Problem requirements -
Print each entry precisely; exclude the pictures.

Caption-style text data:
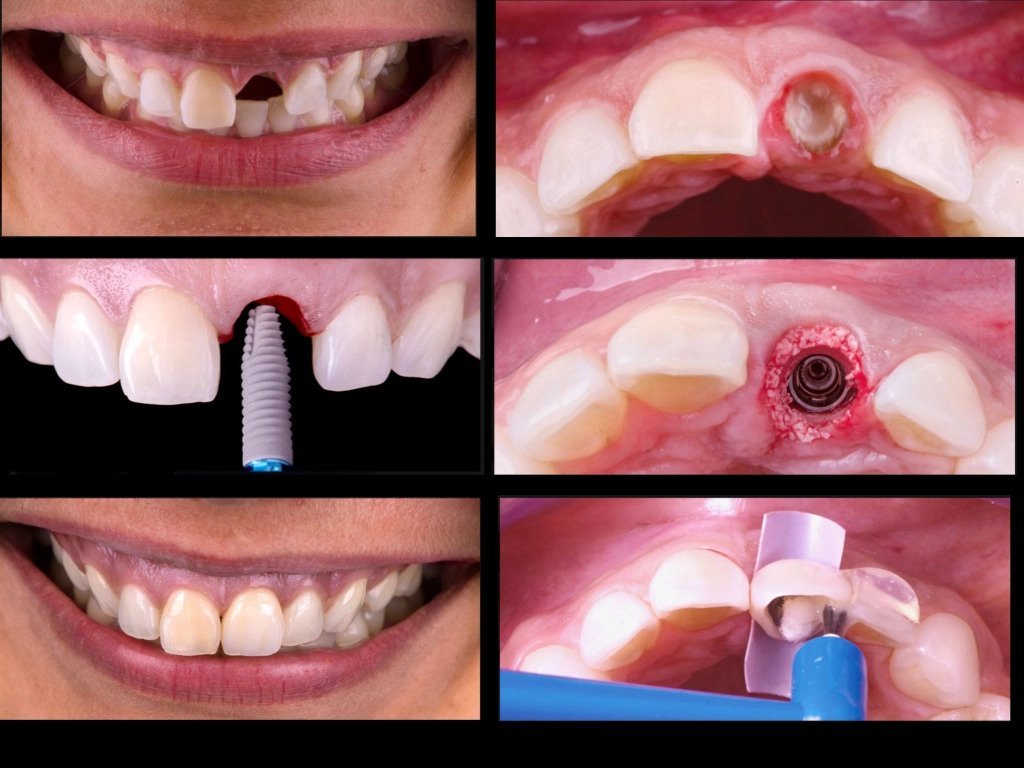 Same Day Dental Implants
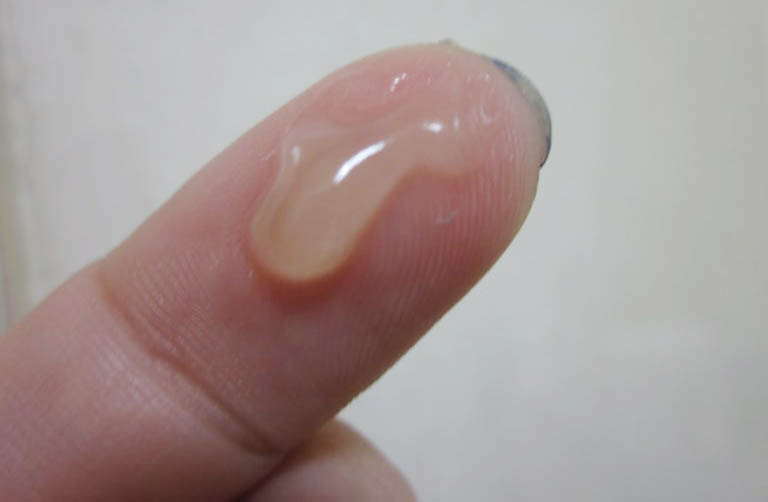 Nguyên Nhân Tình Trạng Tinh Trùng Yếu Thường Gặp Là Gì? Dấu Hiệu Và Cách Khắc Phục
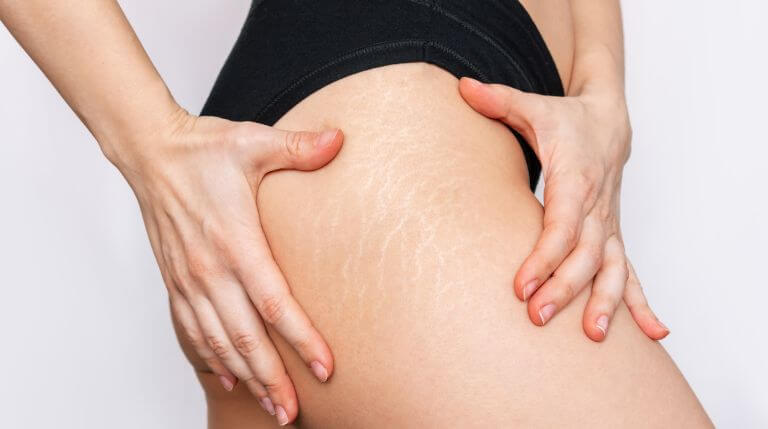 woman holding stretch marks on her leg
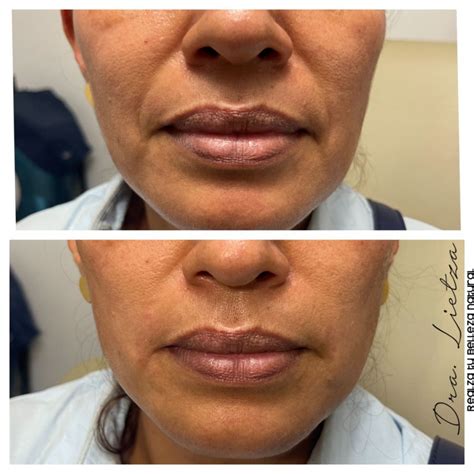 Resultados Antes y Después de Rellenos Faciales con Ácido Hialurónico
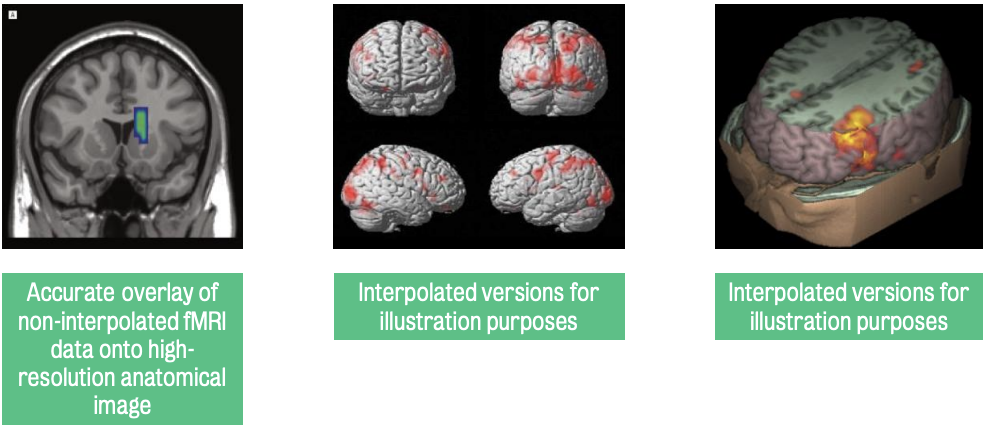Visual representation of 'prettification' of results in neuroscience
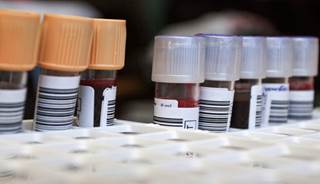 HIV self-testing promotion through apps has a high potential to reach untested high-risk populations. HIV self-testing promotion through apps has a high potential to reach untested high-risk populations.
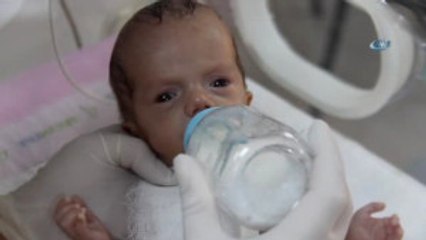 Miras Anne Sütüyle, Yaşam Savaşını Kazandı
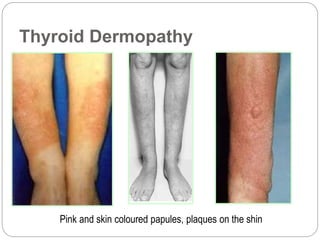 Thyroid Dermopathy
Pink and skin coloured papules, plaques on the shin
 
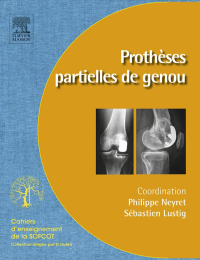 Immagine di copertina: Prothèses partielles du genou 9782294714573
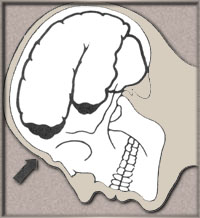 Contusion from forces which cause brain injury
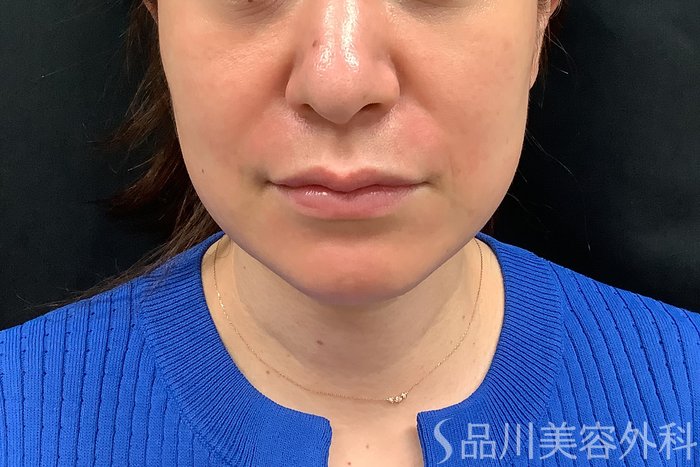 症例NO.71277のAFTER写真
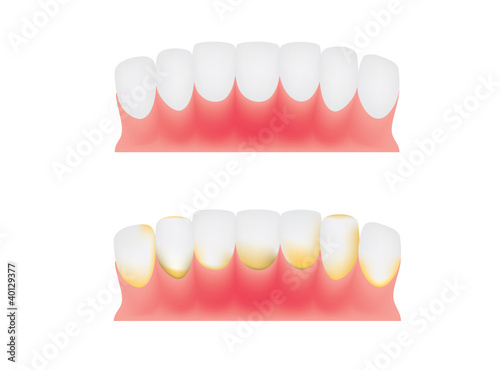 teeth and gums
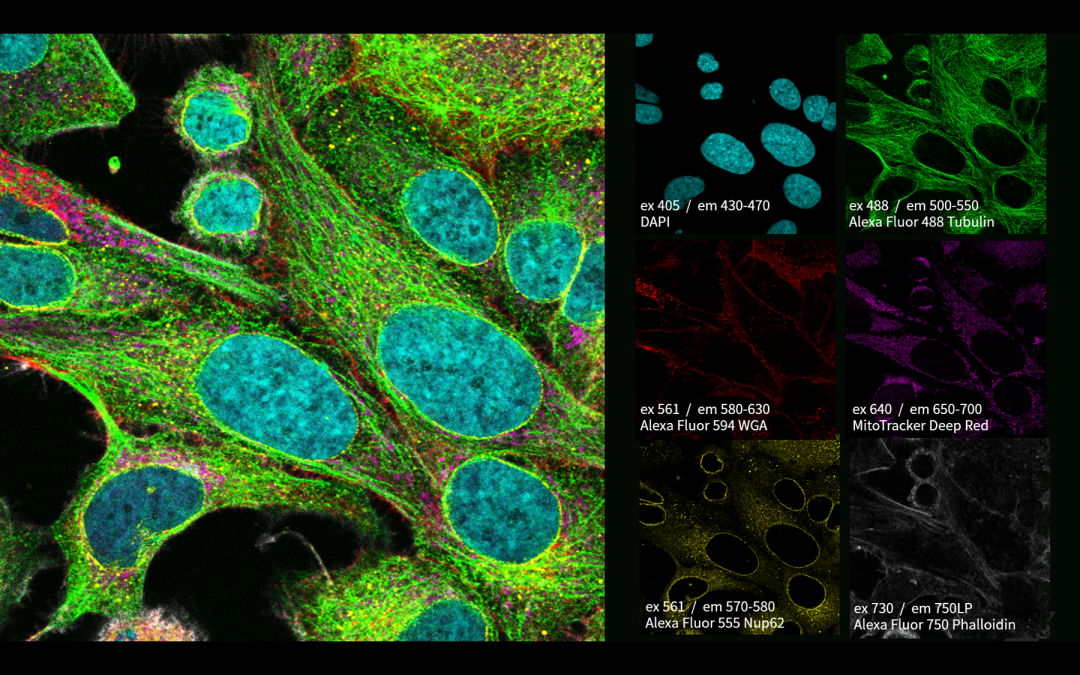 新品上市丨EVIDENT全新激光扫描共聚焦系统FV4000重磅发布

Output for this task -
 Same Day Dental Implants
 Nguyên Nhân Tình Trạng Tinh Trùng Yếu Thường Gặp Là Gì? Dấu Hiệu Và Cách Khắc Phục
 woman holding stretch marks on her leg
 Resultados Antes y Después de Rellenos Faciales con Ácido Hialurónico
Visual representation of 'prettification' of results in neuroscience
 HIV self-testing promotion through apps has a high potential to reach untested high-risk populations. HIV self-testing promotion through apps has a high potential to reach untested high-risk populations.
 Miras Anne Sütüyle, Yaşam Savaşını Kazandı
 Thyroid Dermopathy
Pink and skin coloured papules, plaques on the shin
 
 Immagine di copertina: Prothèses partielles du genou 9782294714573
 Contusion from forces which cause brain injury
 症例NO.71277のAFTER写真
 teeth and gums
 新品上市丨EVIDENT全新激光扫描共聚焦系统FV4000重磅发布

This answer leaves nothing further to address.